Abstracts

This document gives a brief description of the first step in our project of asset price modeling and risk prediction. Having the price evolution of 13 equity indexes from different countries for almost 20 years, the aim of our project is to suggest a suitable model describing the dynamics of these indexes. This model can be applied in price forecasting and risk prediction with a small confidence interval and relatively short calculation time. For each index, the collected dataset consists of the daily closing prices starting from 1th January 1993 until 11th January 2013, which forms 5000 daily points. First, the probability distribution of price evolution, represented by the log-returns, is studied. After data analysis, a mixture of Normal and Laplace probability distribution is associated to log-returns. Afterward, the study is focused on price dynamics modeling. Several types of asset price modeling were considered and improved over previous years. In this paper, two types of models are considered: stochastic processes and time series models (ARCH/GARCH).

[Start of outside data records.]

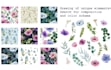 create a flower and plant watercolor pattern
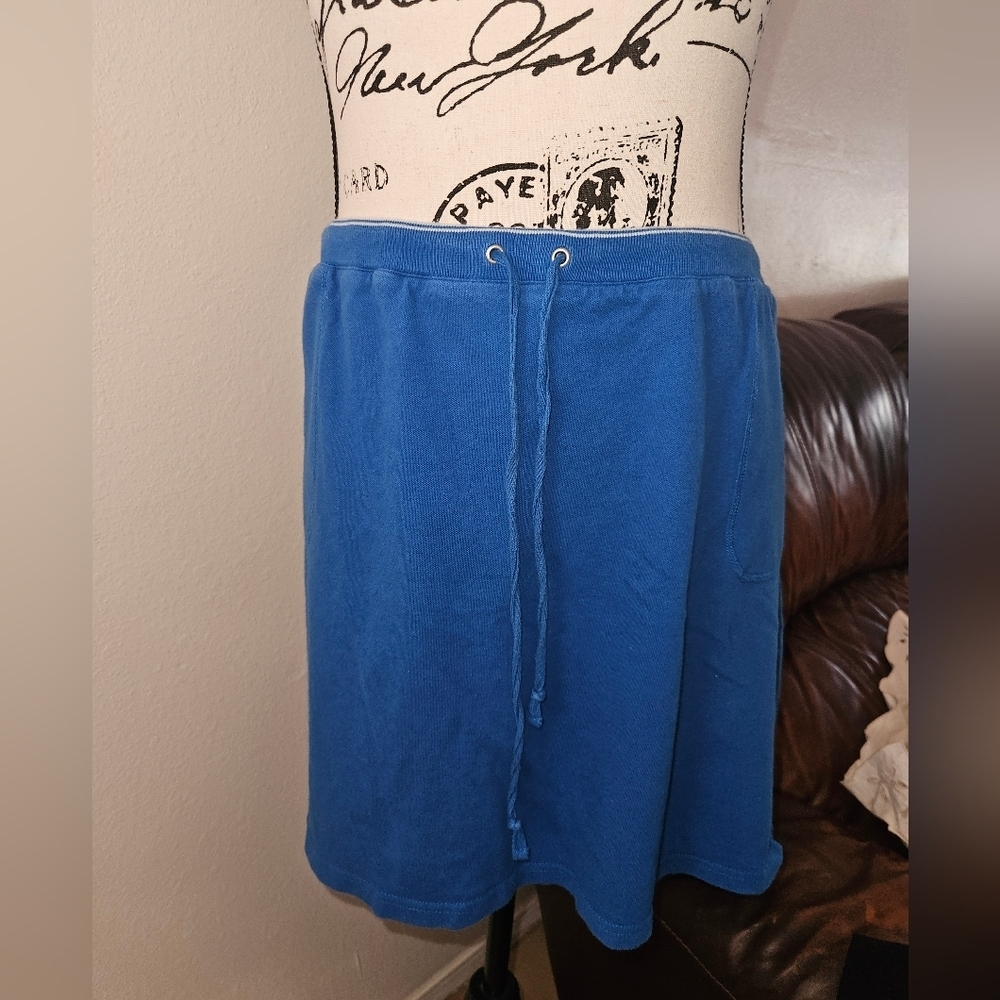Duck Head Womans Blue Mini Skirt Size Xl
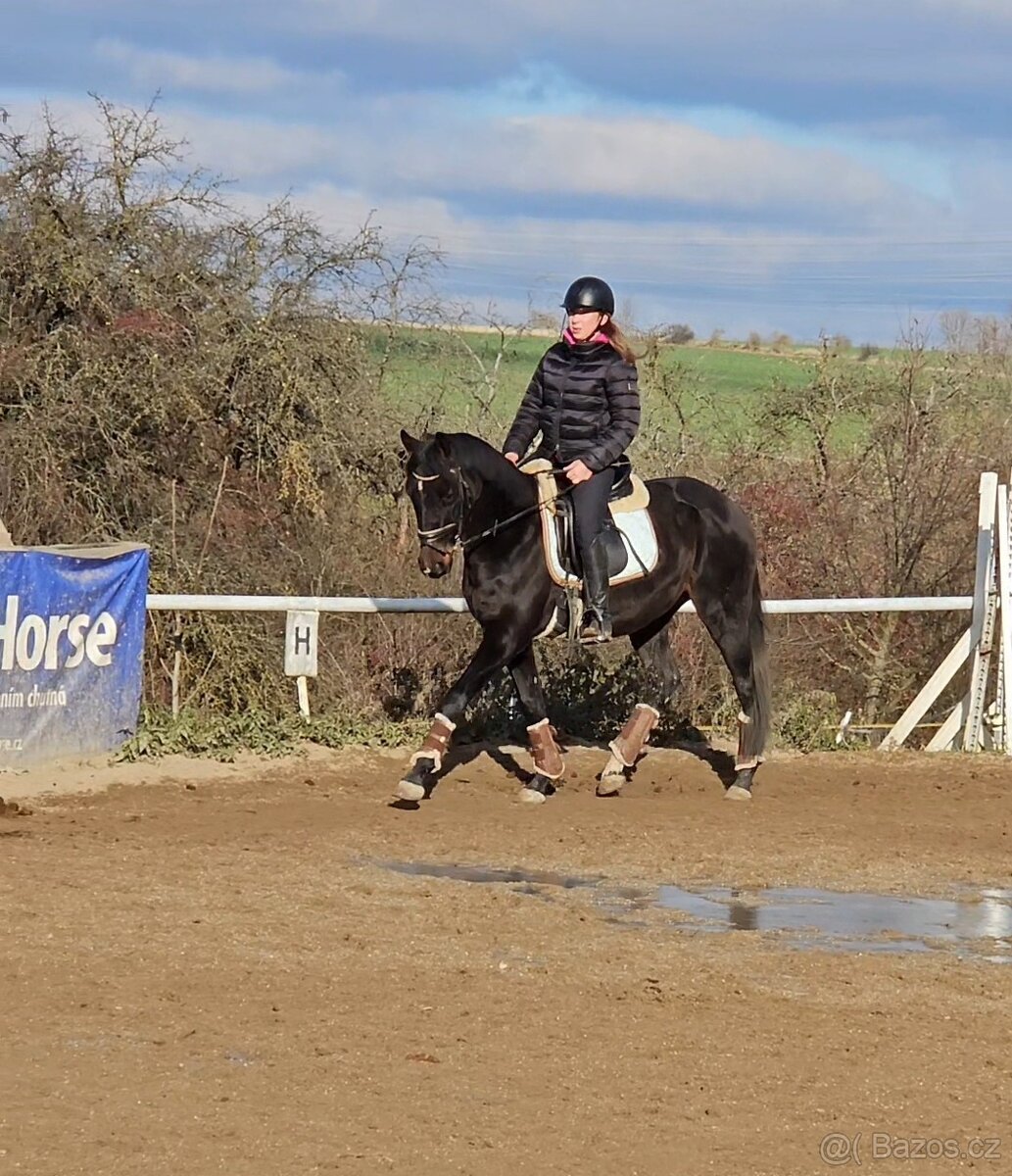 Krásný mladý dámský koník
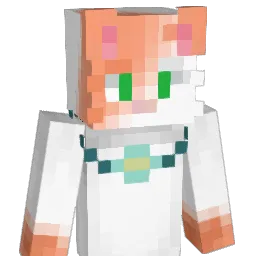 M3d1Vak Minecraft avatar bust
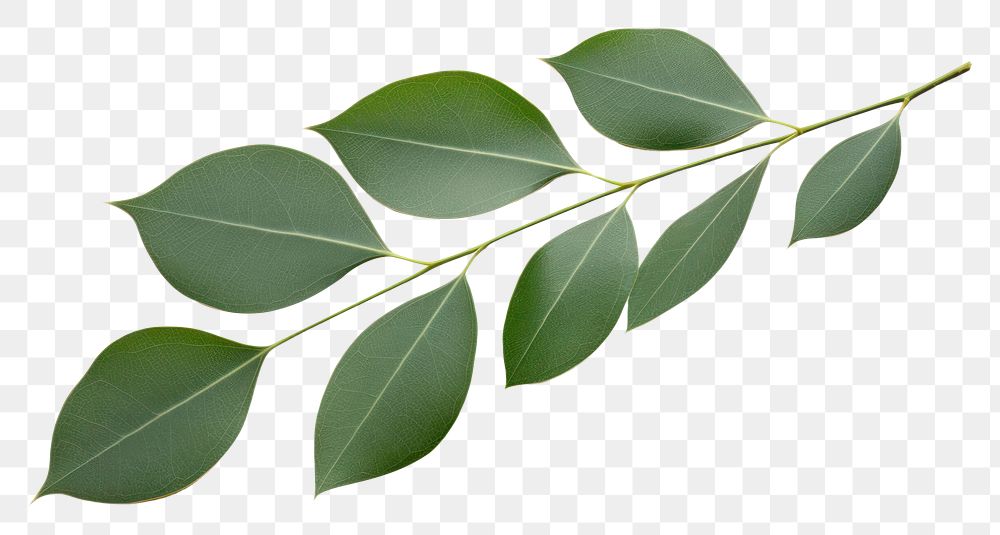 PNG Eucalyptus leave plant leaf white background. AI generated Image by rawpixel.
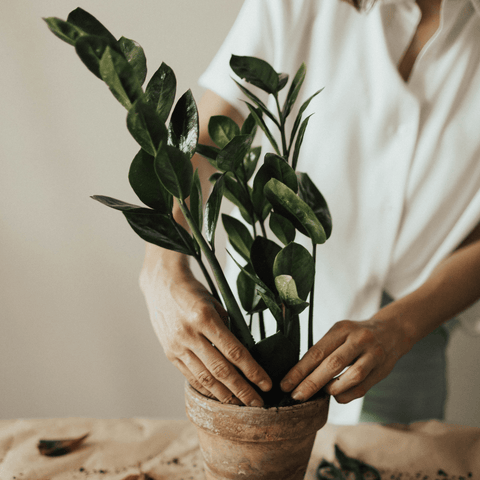 Celebrate National Houseplant Day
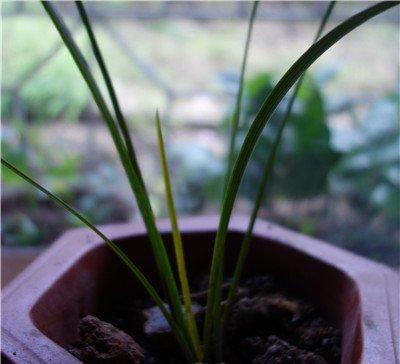 兰花数天不浇水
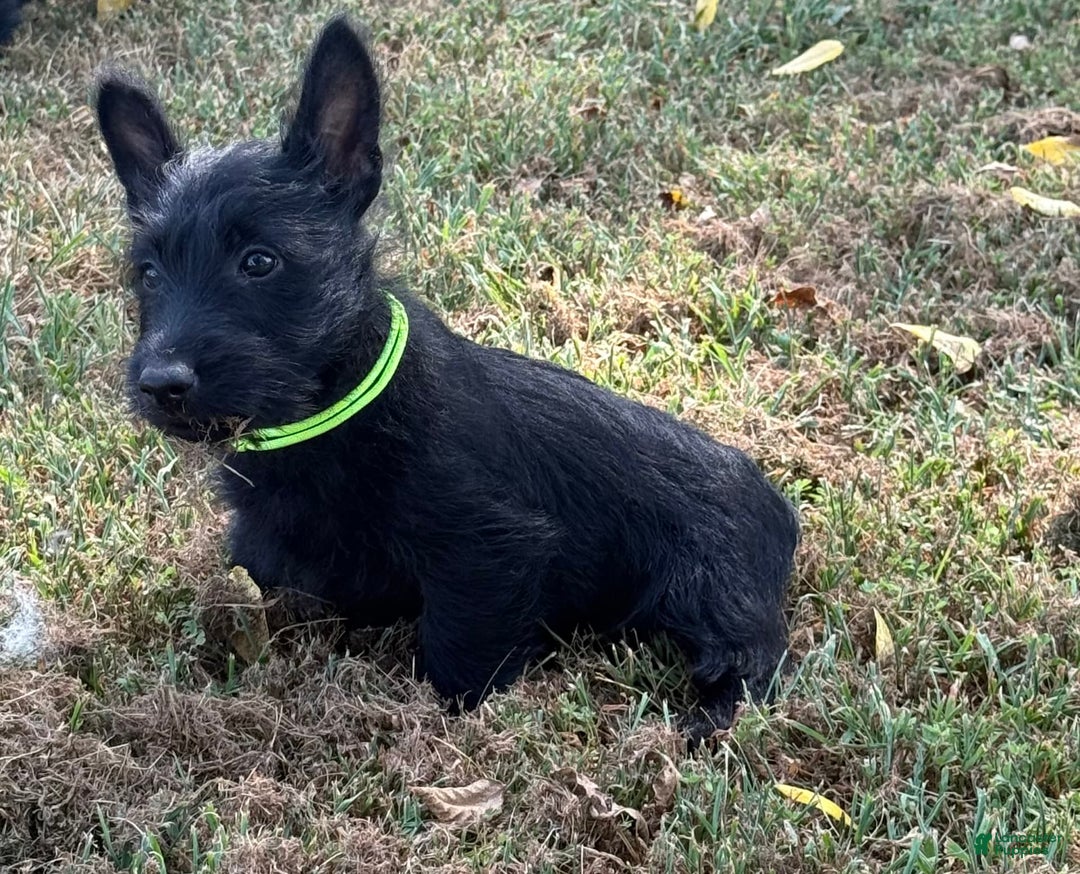 Scottish Terrier dogs for sale: Reese - Image 4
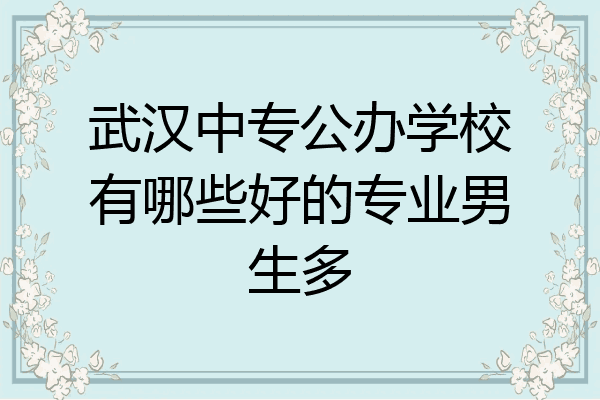 武汉中专公办学校有哪些好的专业男生多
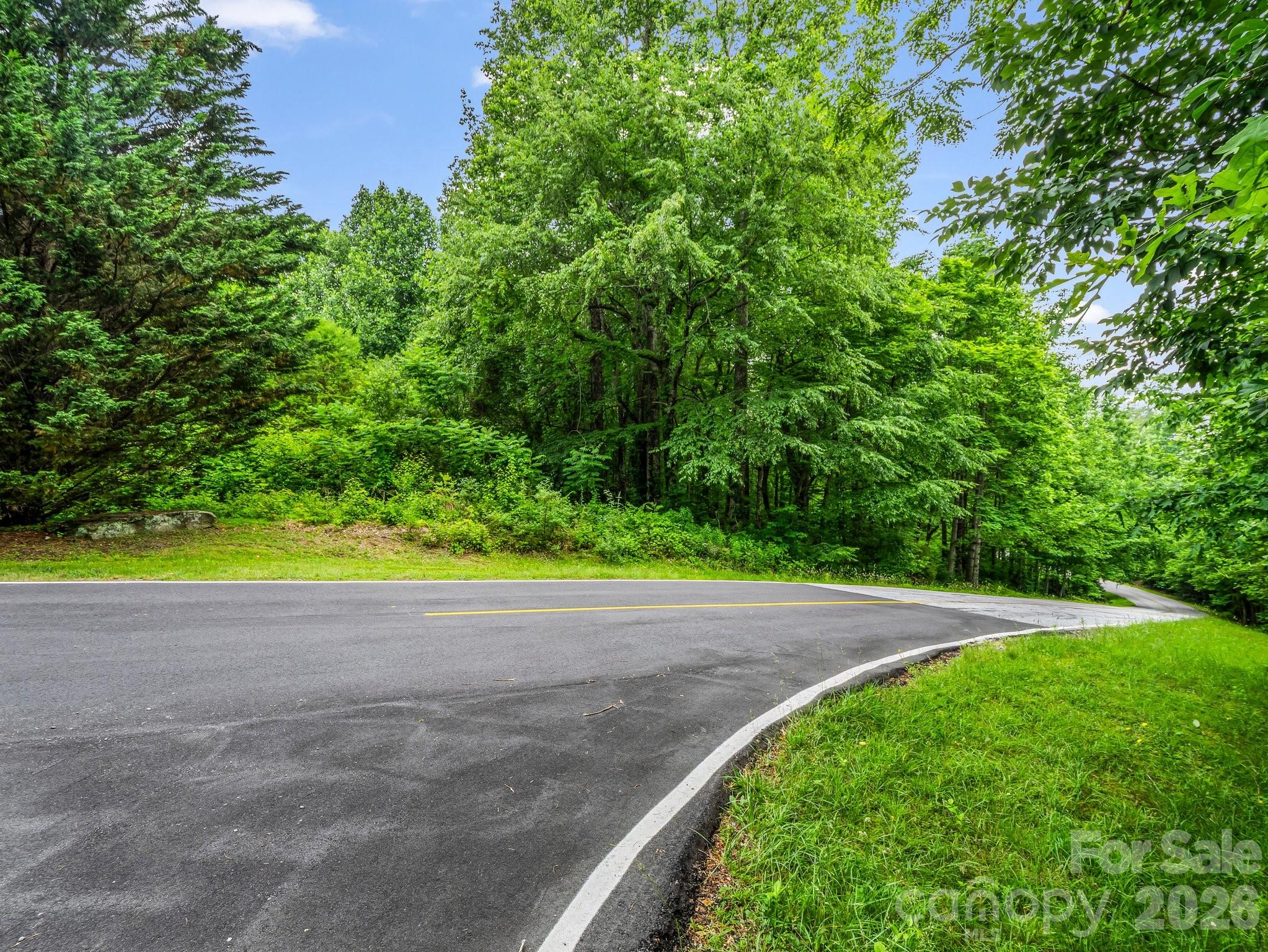 Lot at 168 Tarnhill Drive, Flat Rock, photo 4 of 32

First, the adequacy of time series models has been tested using the Hinich portmanteau bicorrelation statistical test. Results show the inadequacy of the use of GARCH model or any of its variants for the 13 indexes under consideration. The remainder of this paper is focused on stochastic processes. Stochastic volatility (SV) models have been considered to be the most reliable models for the cases where the volatility, as in our case, has significant variations over time. Therefore, SV models where the volatility follows different types of stochastic process are considered. Furthermore, a jump-diffusion process with Log-Uniform Jump Amplitude is proposed. Comparing the volatility behavior of different indexes, the economic environment states are divided into three states (calm, normal and agitated). The transition between these three states is controlled by an external covariate following a Markov chain. The jump-diffusion model parameters calibration is carried out for each index and each covariate state to build an overall model that represents the price variation behavior. The model parameters calibration is carried out for both SV model and the jump-diffusion process. The work is in progress in order to clarify the strengths and weaknesses of each model. The comparison between these models will be based on the reliability of price and return prediction, availing the already known collected data.